[Exercise]
Find "For Rent: $3,199", then copy its line and every later line of the entries exactly through the end, leaving all pictures out.

Dataset records:
---*---

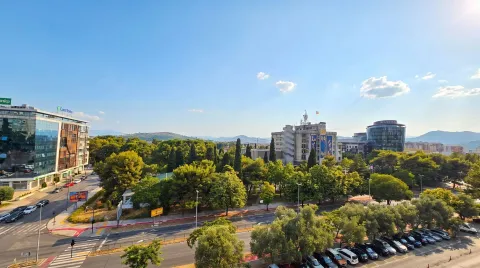 Sale, four bedroom apartment, 281m², Podgorica, Crna Gora - image 2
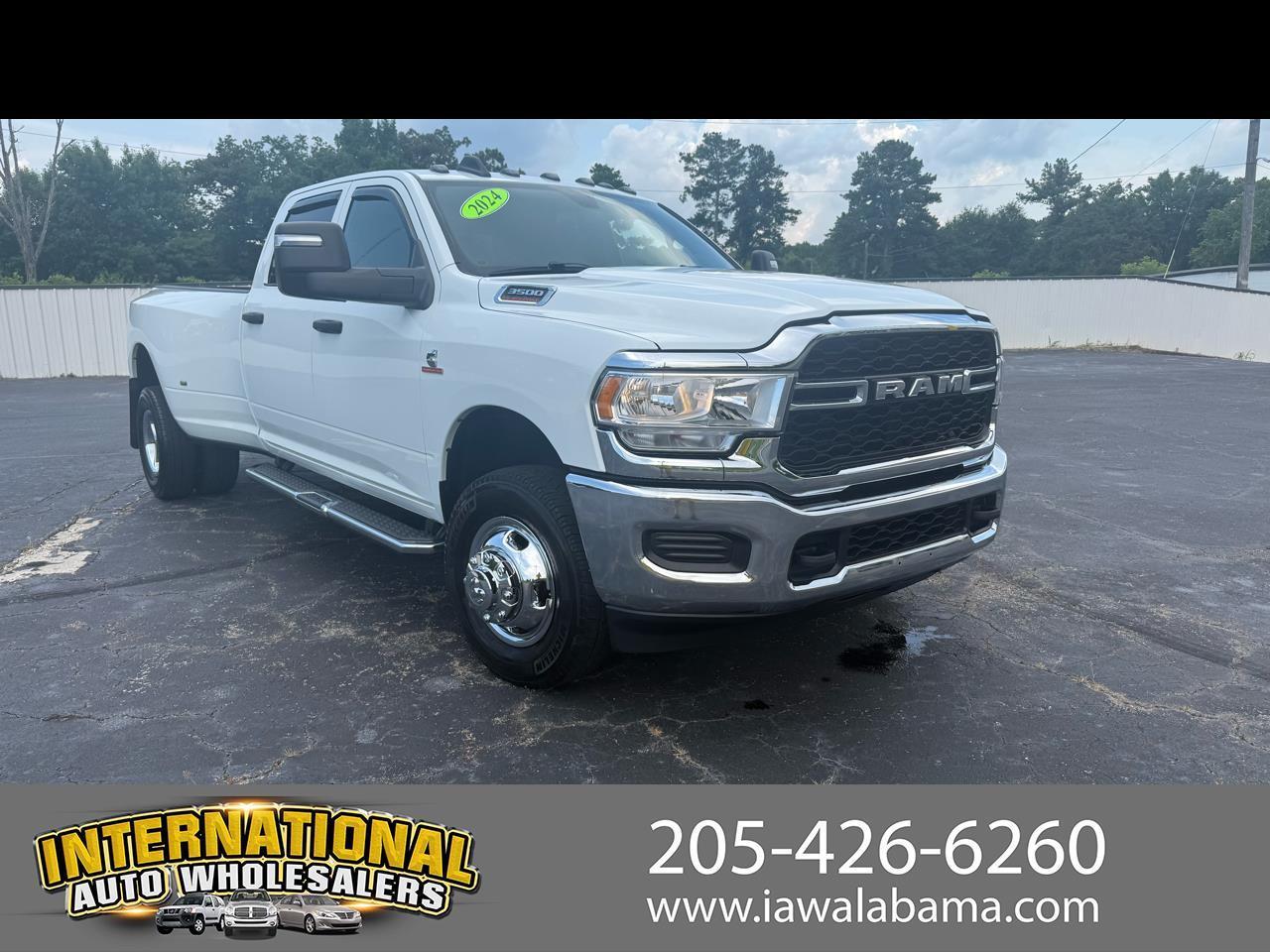 2024 RAM 3500 Tradesman Crew Cab 4WD DRW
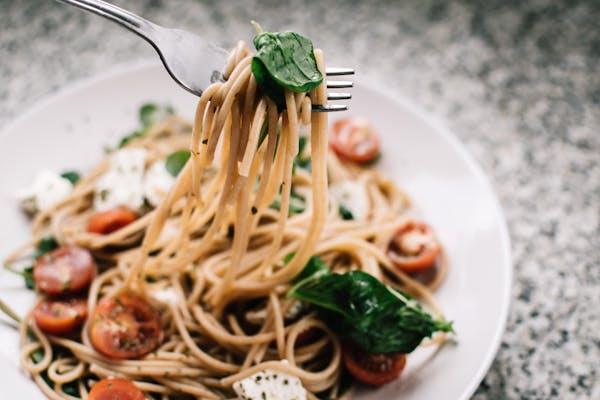 Classic Italian Spaghetti with Tomatoes and Basil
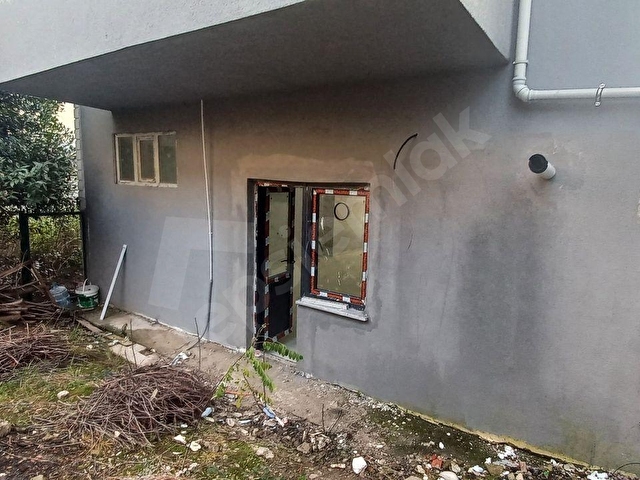 Sarıyer Merkeze Yakın Yenilenmiş Bahçeli Kiralık Dükkân - Görsel 30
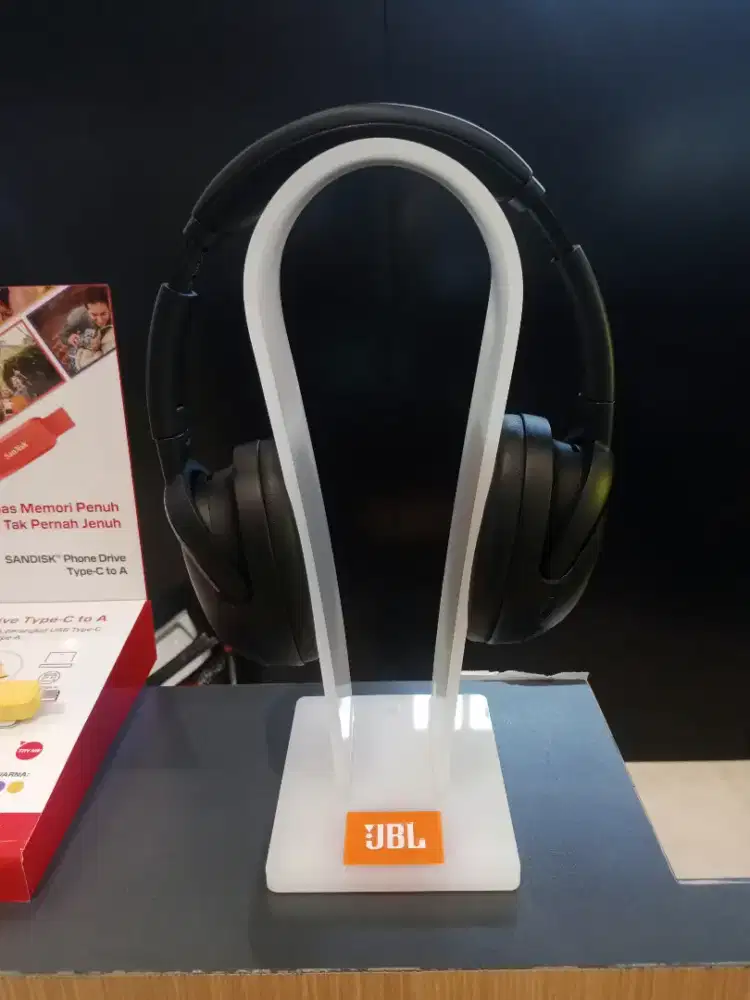 JBL TOUR ONE M3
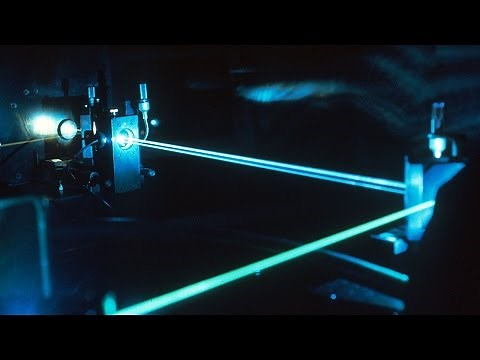 Ben Klein: TECH + knowledge + Y: What is a hologram?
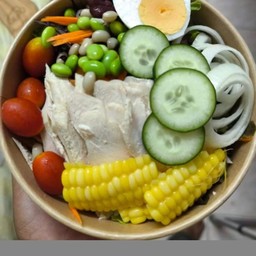 สลัดอกไก่ไข่ต้ม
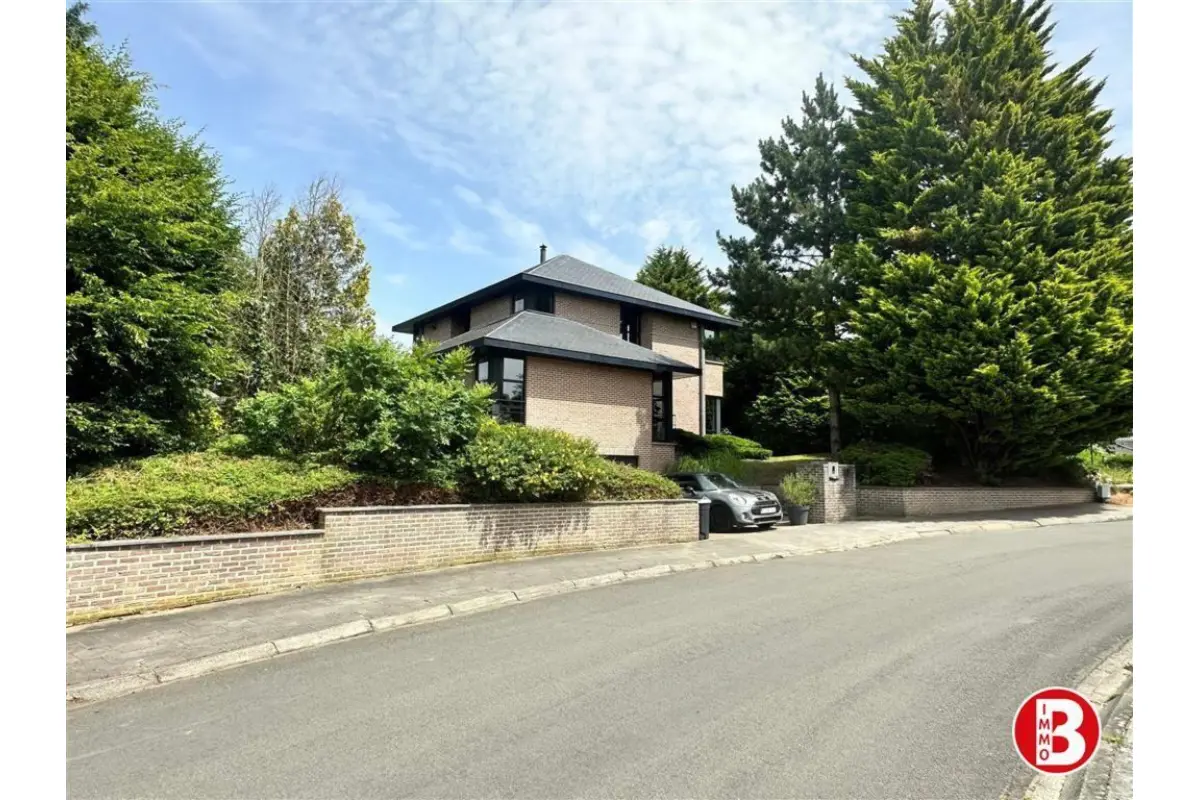 Huis te  koop in Eigenbrakel 1420 810000.00€ 6 slaapkamers 260.00m² - Zoekertje 148581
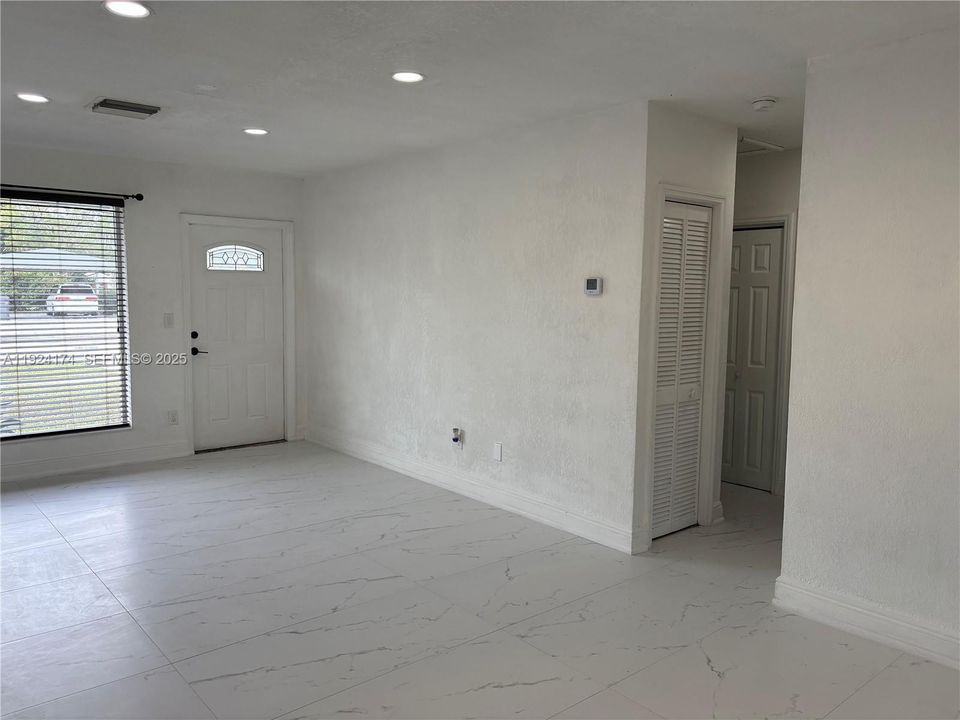 For Rent: $3,199 (4 beds, 2 baths, 1720 Square Feet)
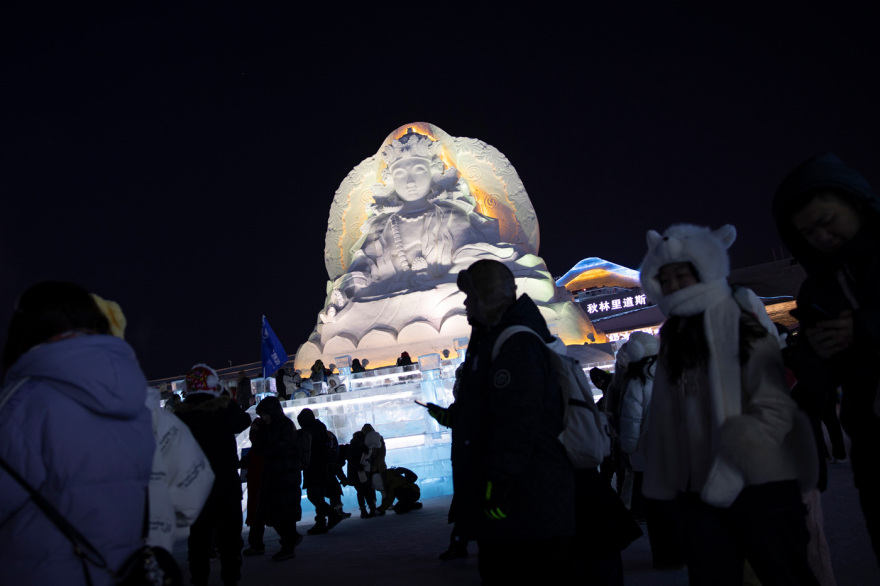 Εντυπωσιακές εικόνες γλυπτών από χιόνι και πάγο που μαγεύουν τους επισκέπτες έκθεσης στην Κίνα, βίντεο και φωτογραφίες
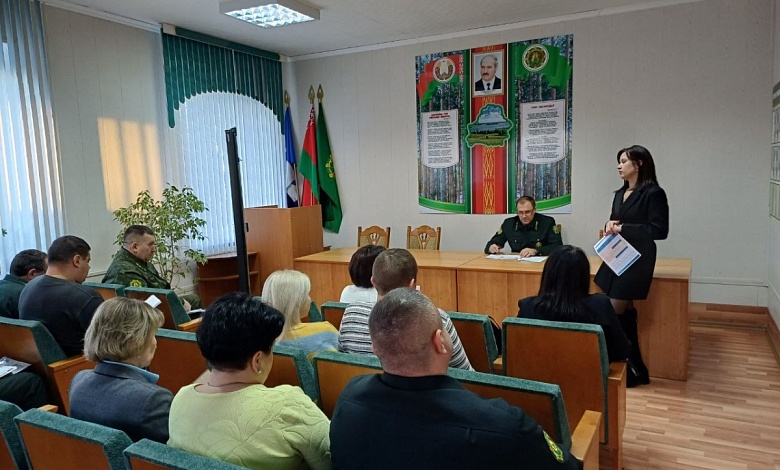 Работникам Лунинецкого лесхоза рассказали о ежемесячных доплатах и пенсионном страховании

---*---

[Exercise response]
 For Rent: $3,199 (4 beds, 2 baths, 1720 Square Feet)
 Εντυπωσιακές εικόνες γλυπτών από χιόνι και πάγο που μαγεύουν τους επισκέπτες έκθεσης στην Κίνα, βίντεο και φωτογραφίες
 Работникам Лунинецкого лесхоза рассказали о ежемесячных доплатах и пенсионном страховании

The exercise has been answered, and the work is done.